Wednesday, December 12, 2007

Gone Phishing

Hopefully we all know what phishing is. For those who don't, wikipedia states that it "is an attempt to criminally and fraudulently acquire sensitive information, such as usernames, passwords and credit card details, by masquerading as a trustworthy entity in an electronic communication." Basically people try to send you authentic looking emails to try to trick you in to giving up your bank user name and password. Phishing attacks have become extremely prevalent in the last few years. But today I realized that these attacks have reached a new level.

What made me realize this? Well I have received phishing emails in the past, but they were always for the large banking institutions and, for some reason, they all seemed to be obvious forgeries. But today I received convincing email from a local credit union, UCCU, linking to a website that was asking me to log in to my account. I quickly realized that this was a phishing attack. While I still realized this was fraudulent, it was the first time I received such an attack from a local bank. This means that those who who facilitate these attacks (are they called phishers?) are getting smarter. They are targeting members of a small bank in a small community.

This means that we need to be educating everyone about these attacks. Everyone needs to know that their bank will never ask for their login information.

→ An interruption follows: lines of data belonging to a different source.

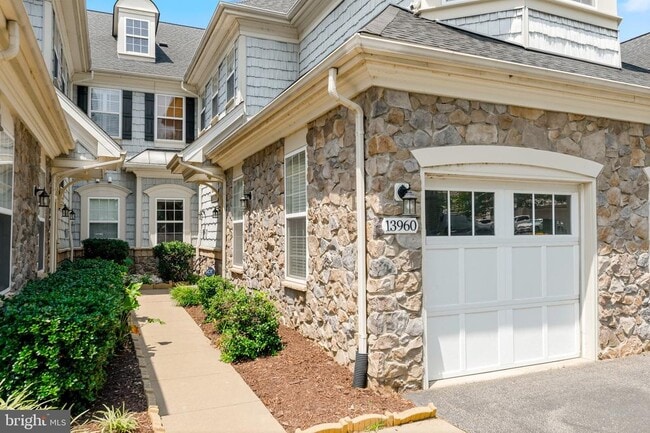 Photo - 13960 Greendale Dr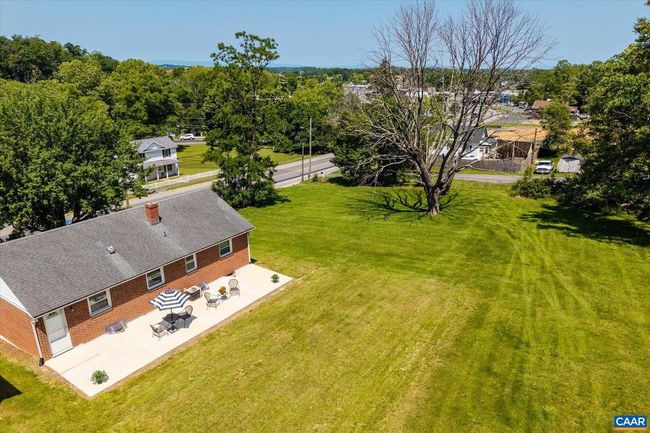 1321 E Main St, House other with 3 bedrooms, 1 bathrooms and null parking in WAYNESBORO VA | Image 31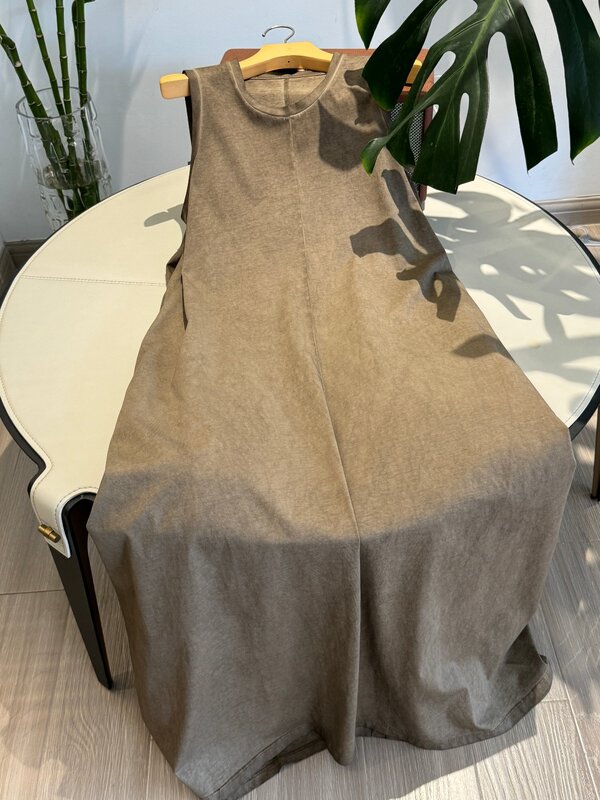 Elegante vestido irregular tingido de algodão, design high-end, leve, respirável, sujo, 2024, alta densidade
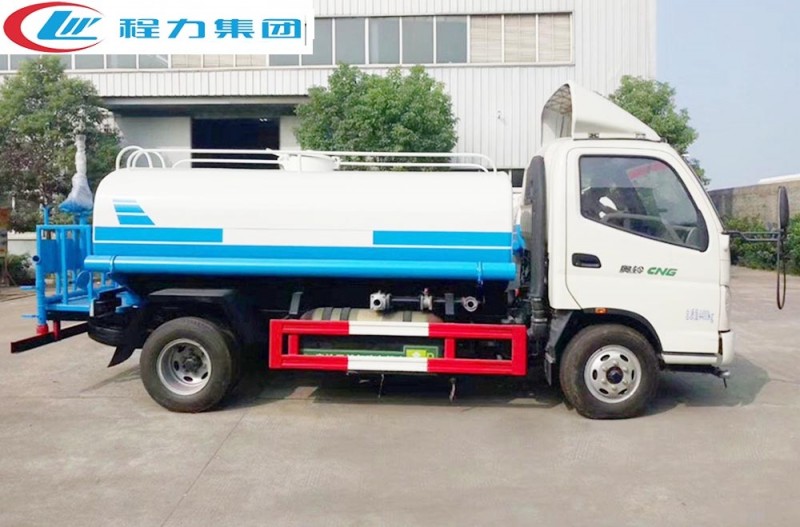 福田奥铃5-6方洒水车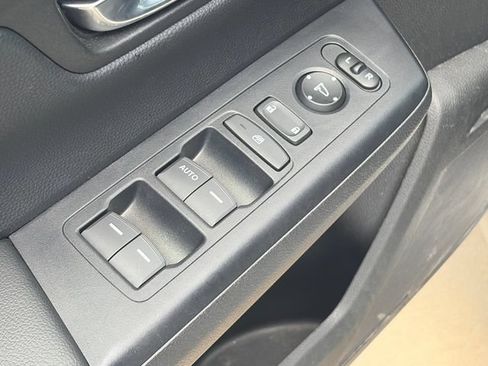 Used 2025 Honda CR-V LX image 19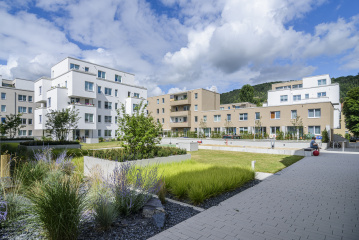 Südlicher Innenhof über Tiefgarage, Bild: Claus Bach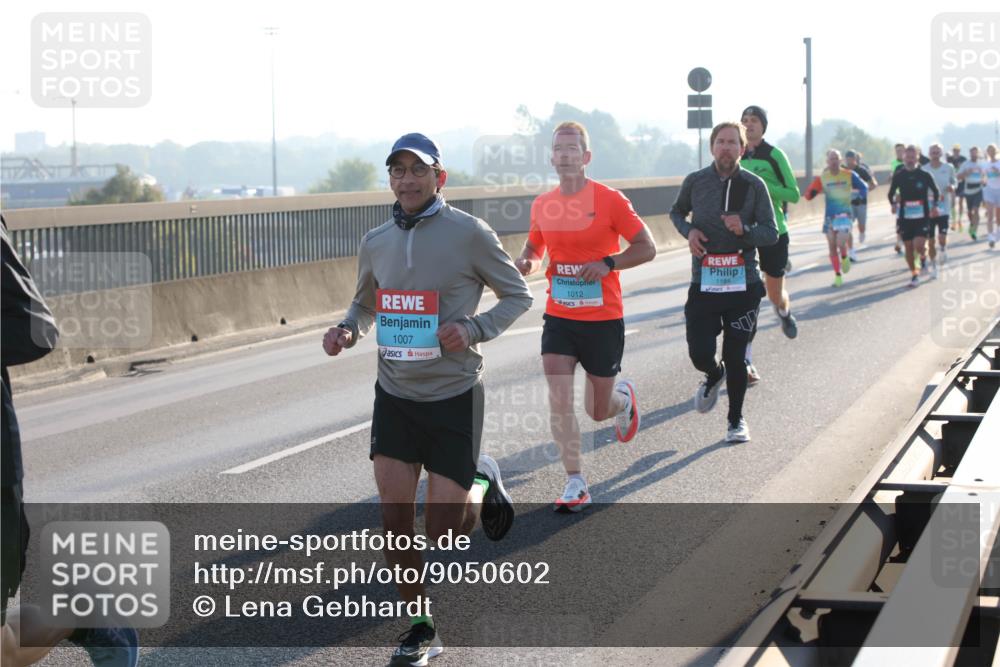 03.10.2025 - Köhlbrandbrückenlauf Lena Gebhardt http://msf.ph/oto/9050602 03.10.2025 09:14:21 Position 1 1007, 1012, 1184, 4 meine-sportfotos.de
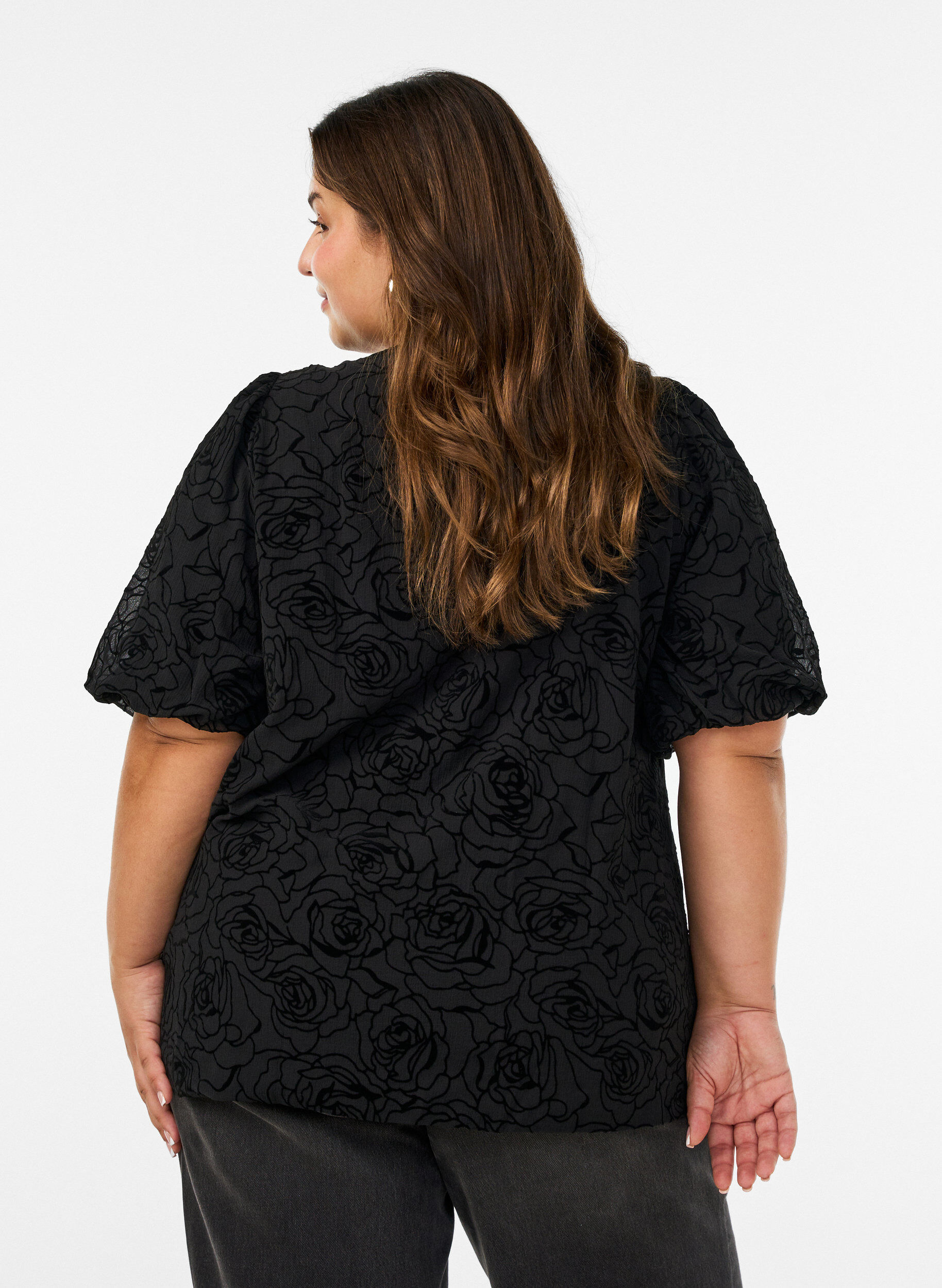 ZizziBluse med blomsterm&oslash;nster og ballon&aelig;rmer, Sort, Model image number 2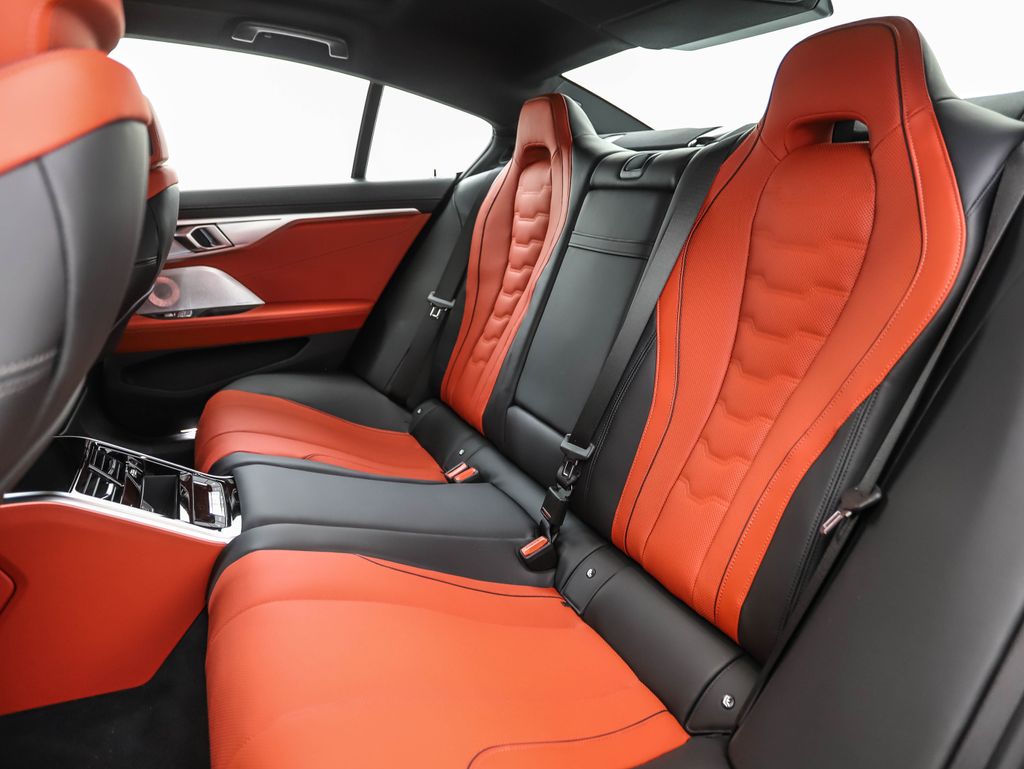 Thumbnail: 2026 BMW 8 Series - 23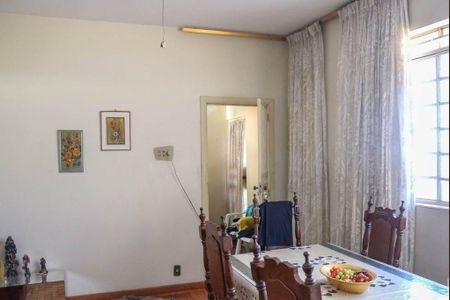 Sala  de casa à venda com 4 quartos, 214m² em Barroca, Belo Horizonte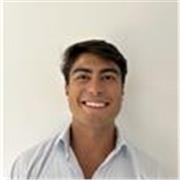 Graduado en ADE y Analytics el pasado junio por ICADE, soy trilingüe, una persona comprometida y que disfruta de lo que hace 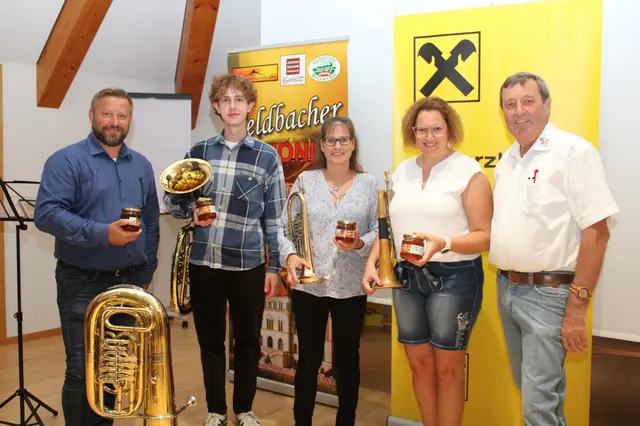 Süßer Honig traf in der Raiffeisenbank in Feldbach auf zünftig Musik. | Foto: BZV Feldbach/Veronika Lafer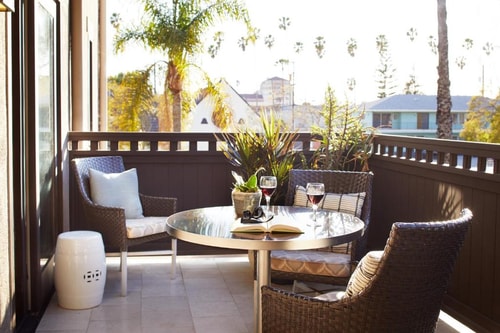 King Room Near Berkley East Healthcare Center LA 13 Luxury Bookings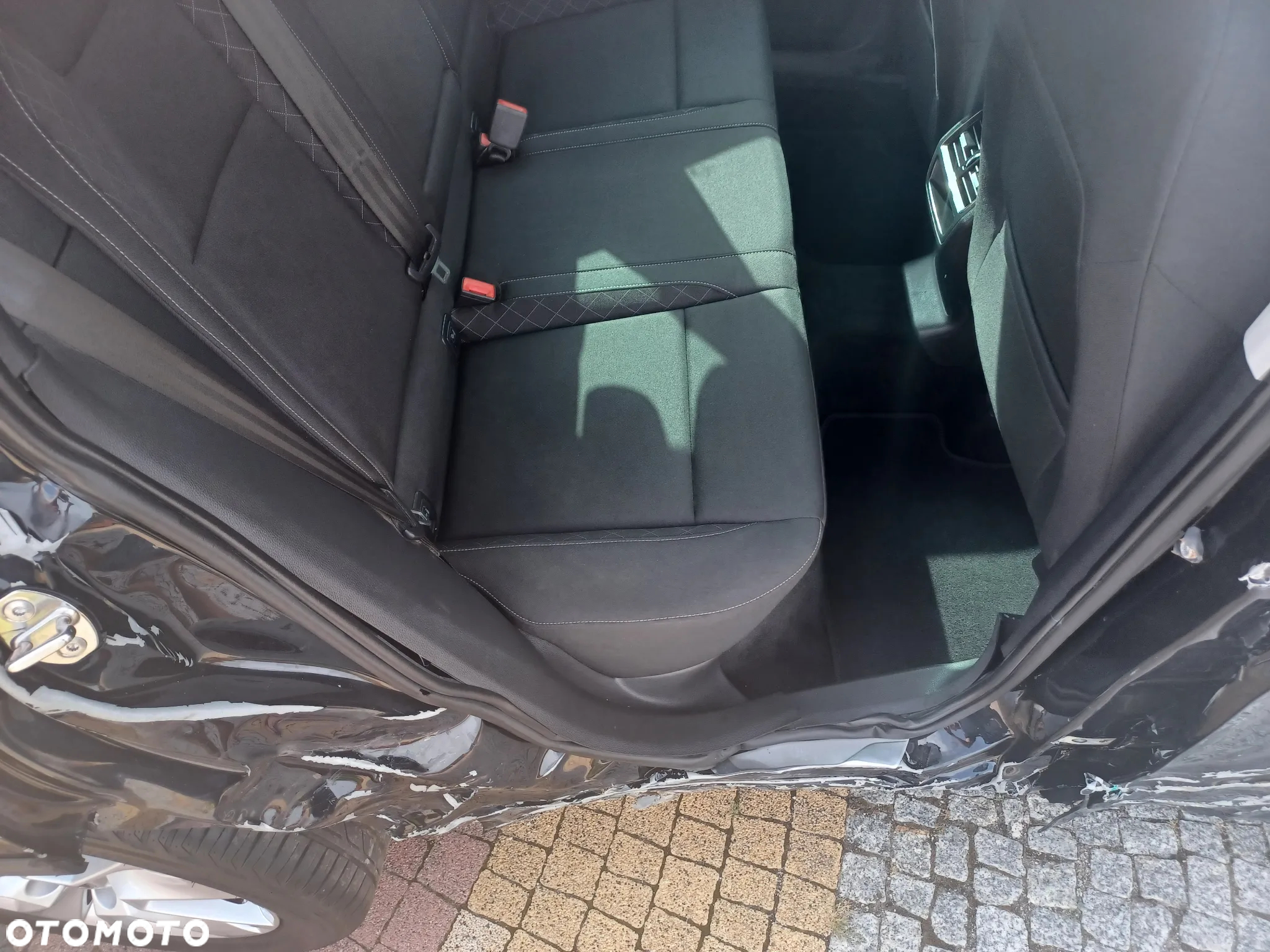 Skoda Karoq 1.0 TSI GPF 4x2 Ambition - 8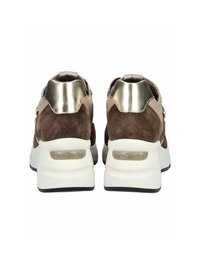 Baskets en suède marron avec des accents métalliques, semelles blanches rembourrées et un détail arrière avec le logo. Conçues pour le confort et le style.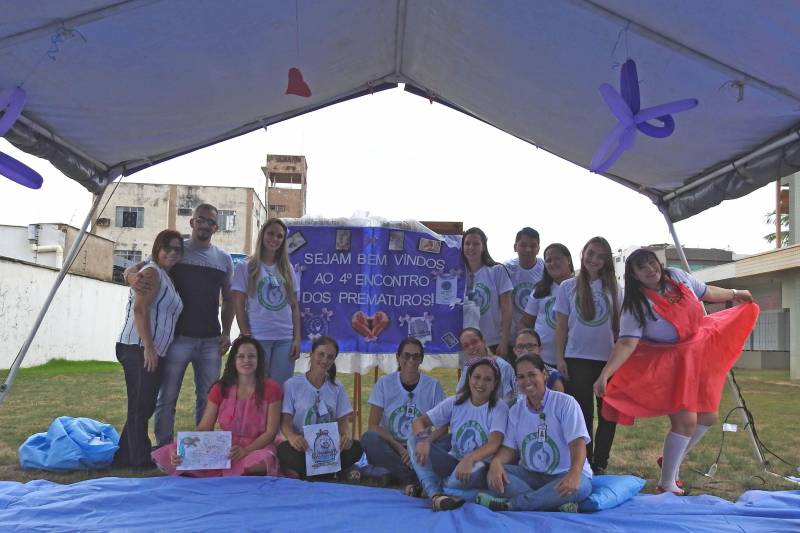 Heloíse Victória, de 1 ano e 8 meses, passeia pela tenda montada no jardim atenta a tudo: balões, giz de cera, desenhos para colorir e as personagens Pipa e Nani. Ela e a mãe Josélia dos Santos vieram de Anapu (PA) para participar do 4º Encontro dos Prematuros do Hospital Regional Público da Transamazônica, (HRPT), gerido pela Pró-Saúde Associação de Assistência Social e Hospitalar, em Altamira (PA).

FOTO; ASCOM HRPT
DATA: 29.11.2018
ALTAMIRA - PARÁ <div class='credito_fotos'>Foto: ASCOM HRPT   |   <a href='/midias/2018/originais/84b176fa-432d-4f37-8fb4-dc1b64e865c1.jpg' download><i class='fa-solid fa-download'></i> Download</a></div>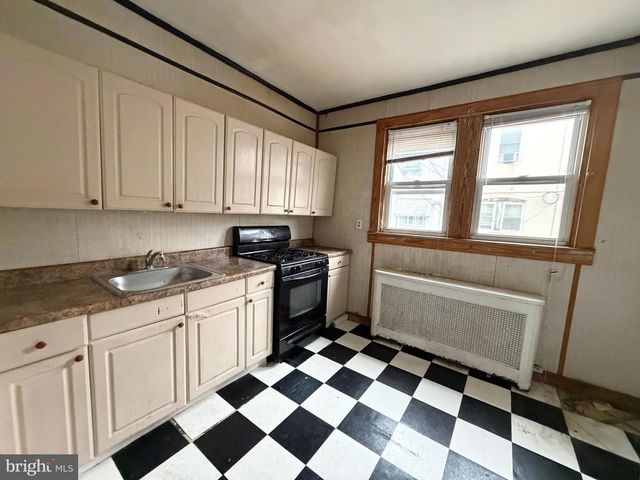722 ATWOOD RD, Philadelphia, PA 19151
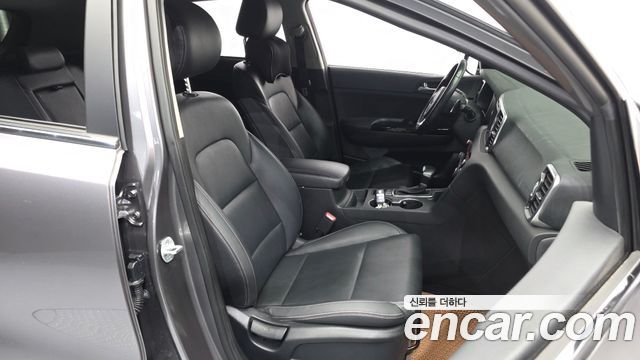 Kia Sportage 2016 — photo 17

I would even suggest that they do not even click on links in their emails. Type the internet addresses on your own. As phishers are getting smarter, we need to further educate the internet population about this problem.

Wednesday, December 5, 2007

Internet Protection

Right now I am working a lot on my senior project, which will be finished and presented next April. The project is essentially a parental control solution for those who want to limit their computer usage. Additionally I am fighting with spyware that has infiltrated my parents work computers. Their employees have been given unrestricted access to the systems, and that was a bad idea. Because of these two events in my life I have been thinking a lot about how to keep people safe from the internet.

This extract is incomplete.